Thailand optimistis bisa tahan dampak perang dagang



KONTAN.CO.ID - BANGKOK. Menteri Perindustrian Thailand Uttama Savayana optimistis negaranya bisa menahan dampak perang dagang antara Amerika Serikat dan China, seperti menghadapi risiko volatilitas atau fluktuasi yang melanda pasar Thailand, yang masuk kategori sebagai negara berkembang.

“Ekonomi kami cukup kuat,” kata Uttama ketika diwawancarai Bloomberg TV di Bangkok, Thailand, Kamis (12/7).

Menurutnya, Thailand mempunyai kekuatan untuk menghadang dampak global yang terjadi saat ini. Salah satunya, kondisi keuangan di Bank Thailand masih baik, karena Kementerian Keuangan selalu mengikuti target yang sudah ditentukan, baik dari target keuangan, rasio antara dana perdagangan dan pinjaman (leverage) dan lainnya.

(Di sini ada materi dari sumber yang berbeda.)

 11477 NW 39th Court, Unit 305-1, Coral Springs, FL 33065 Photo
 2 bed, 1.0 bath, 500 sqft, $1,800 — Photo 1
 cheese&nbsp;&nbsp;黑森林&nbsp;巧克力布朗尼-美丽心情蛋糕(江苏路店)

Uttama menilai Thailand sukses menghadapi tekanan harga minyak dan pasar global yang dipicu oleh kenaikan suku bunga di Amerika Serikat.

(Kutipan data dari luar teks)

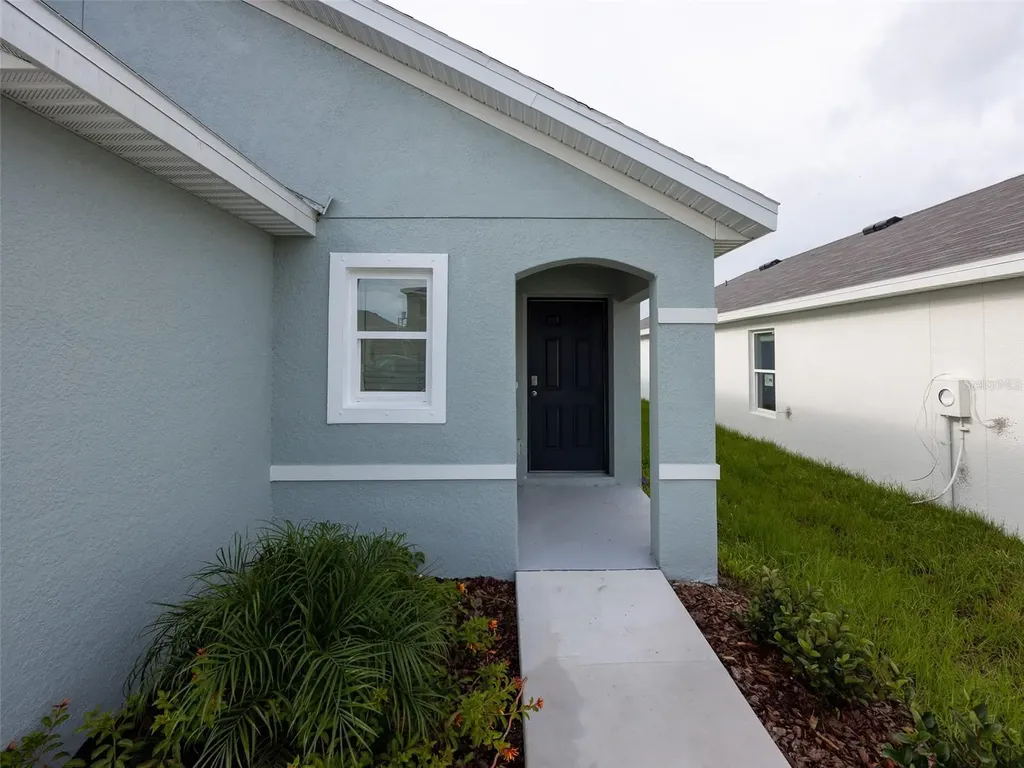 3820 Mannered Gold Avenue Bradenton FL 34208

Hal ini terlihat, bagaimana selama kuartal pertama 2018, perekonomian Thailand meningkat menjadi 4,8%. Laju kenaikan ini adalah yang tercepat selama lima tahun terakhir, dan menandakan negara ini mampu meredam inflasi. Apalagi, Bank sentral sempat menahan suku bunga hingga mendekati rekor terendah sejak 2015.

Saat ini pemerintah fokus pada roadmap yang disebut Thailand 4.0, yaitu rencana yang secara masif untuk memperbarui infrastruktur bandara, pelabuhan laut dan kereta api. Selain itu juga memprioritaskan industri seperti otomotif, elektronik, pertanian, serta mengembangkan sistem robotik, penerbangan dan kesehatan.

Secara umum, pengembangan industri yang disebut sebagai jalan ekonomi timur ini diharapkan bisa menghimpun dana investasi sebesar 1,7 triliun baht atau US$ 51 miliar. Dana tersebut dihimpun dari tahun 2017-2021, yang tujuannya untuk memajukan industri dan menambah infrastruktur di negara ini.

Thailand telah bekerja keras untuk menarik minat investor dari negara China maupun Jepang, namun beberapa analis meragukan keberhasilan kebijakan tersebut.

Sejumlah analis menyebutkan, ada tanda-tanda bahwa Thailand tidak bisa menghindari aksi jual saham yang muncul di tahun ini. Awal tahun ini, kurs mata uang Baht yang melemah lebih 2% dan perdagangan di sembilan bulan terakhir berada pada level terendah.

Meski demikian, Uttama menilai fluktuasi saham akan selalu terjadi, tetapi yang menjadi prioritas adalah bagaimana pemerintah mengelola naik turunnya saham tersebut dengan tepat.

“Volatilitas pasar adalah sesuatu yang harus kita jalani hari ini. Tetapi ada kekuatan negara yang akan menentukan, bagaimana kami mengelola volatilitas di eksternal dan saya pikir kami melakukan hal itu dengan baik,” pungkasnya.